Jorge Araújo/Folha Imagem
O ex-VJ da MTV Gastão Moreira


BRUNO GARCEZ
DA REPORTAGEM LOCAL

O POETA Glauco Mattoso recita um verso sobre "escarros de maconha", a platéia grita: "Legaliza!", Lobão faz um discurso irado contra as gravadoras brasileiras, o "maldito" Tom Zé é ovacionado pelo público. Podem ser cenas incomuns na TV aberta, mas são corriqueiras nas gravações do "Musikaos", programa semanal que a Cultura exibirá a partir do próximo sábado, às 19h.
Abertamente inspirado em "Fábrica do Som" apresentado pelo videasta Tadeu Jungle, pela mesma TV Cultura entre 82 e 84, "Musikaos" tem proposta semelhante à de seu antecessor.
O musical, apresentado por Gastão Moreira (ex-VJ da MTV), dá vez a artistas e entidades civis cujo espaço na mídia é restrito ou até inexistente. Bandas de garagem, poetas alternativos, artistas plásticos, grupos de dança étnica e representantes de ONGs estão entre as atrações regulares do "Musikaos".
"Quis vender a idéia do programa na Record e na Band, mas nas emissoras comerciais não há espaço para essa nossa postura contestatória.

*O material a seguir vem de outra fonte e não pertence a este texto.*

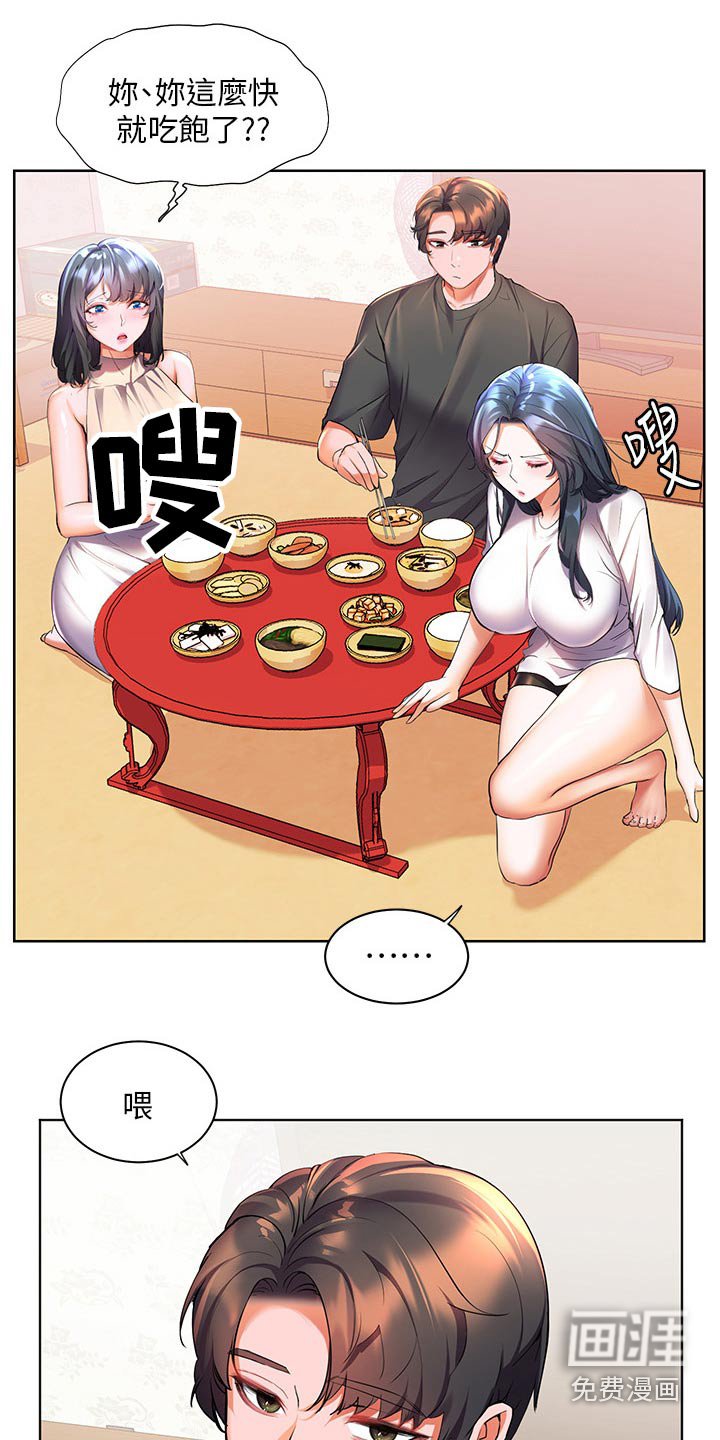 第52章：不寻常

Na MTV, com o "UltraSom" pretendia fazer algo parecido, mas partiram para uma competição entre bandas. Não era exatamente o que eu tinha em mente", afirma Gastão.
Segundo Rogério Brandão, diretor de programação da Cultura, o "Musikaos" visa reaproximar a emissora do público jovem. "Ultimamente, nos concentramos em programas infantis e jornalísticos. Queremos achar o elo que perdemos com o fim da "Fábrica do Som", mas é uma referência, não um remake."

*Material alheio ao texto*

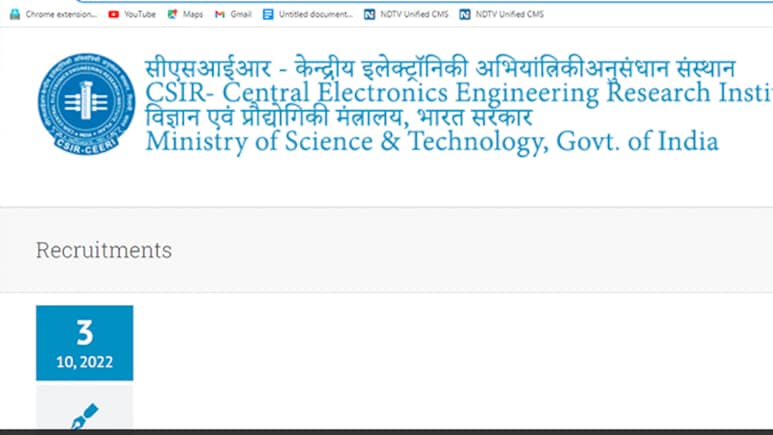 CSIR UGC NET Result 2025 : सीएसआईआर की रिजल्ट हुआ जारी, यहां करें चेक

O diretor do "Musikaos", Pedro Vieira, que, por sinal, também era o responsável pelo "Fábrica do Som" confirma as semelhanças, mas diz que o contexto é outro. "Ainda tenho uma ligação forte com o "Fábrica", mas naquela época sofríamos com outros tipos de repressão, a do governo. Atualmente, a ditadura é feita pelo capital e a indústria fonográfica. Além disso, a linguagem é outra, com cortes nervosos", afirma Vieira.
Assim como o "Fábrica do Som", "Musikaos" também é gravado no Sesc Pompéia (de São Paulo), mas não mais na choperia, como a atração anterior, e sim no teatro do centro cultural.

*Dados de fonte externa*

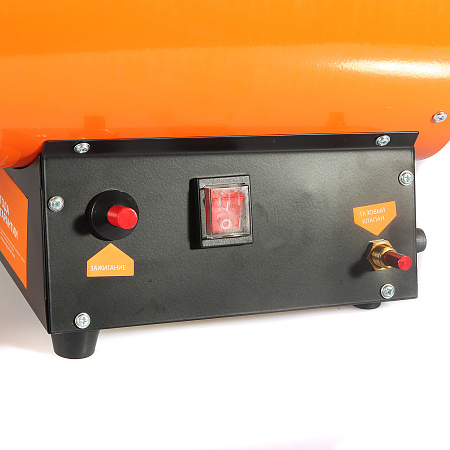 Пушка тепловая газовая 16кВт 350м3/ч S-480м2 пьезоподжиг GS16 PATRIOT *1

O despojamento de "Fábrica" deu vez a cenários que lembram um filme de ficção-científica. O palco em que é gravado o programa é preenchido com estruturas como "O Oratório do Kaos", uma peça de acrílico coberta com transparências impressas com imagens de Jesus Cristo, Luiz Gonzaga, Noel Rosa, John Lennon, e um Saci Pererê.
A autora do cenário, Luciene Grecco, diz ter buscado "uma estética underground e caótica" fiel à atmosfera do "Musikaos". Luciene pôde conferir de perto sua obra, pois participou da gravação do programa na terça passada com o Thaketededrum, grupo de percussão afro-brasileira que íntegra.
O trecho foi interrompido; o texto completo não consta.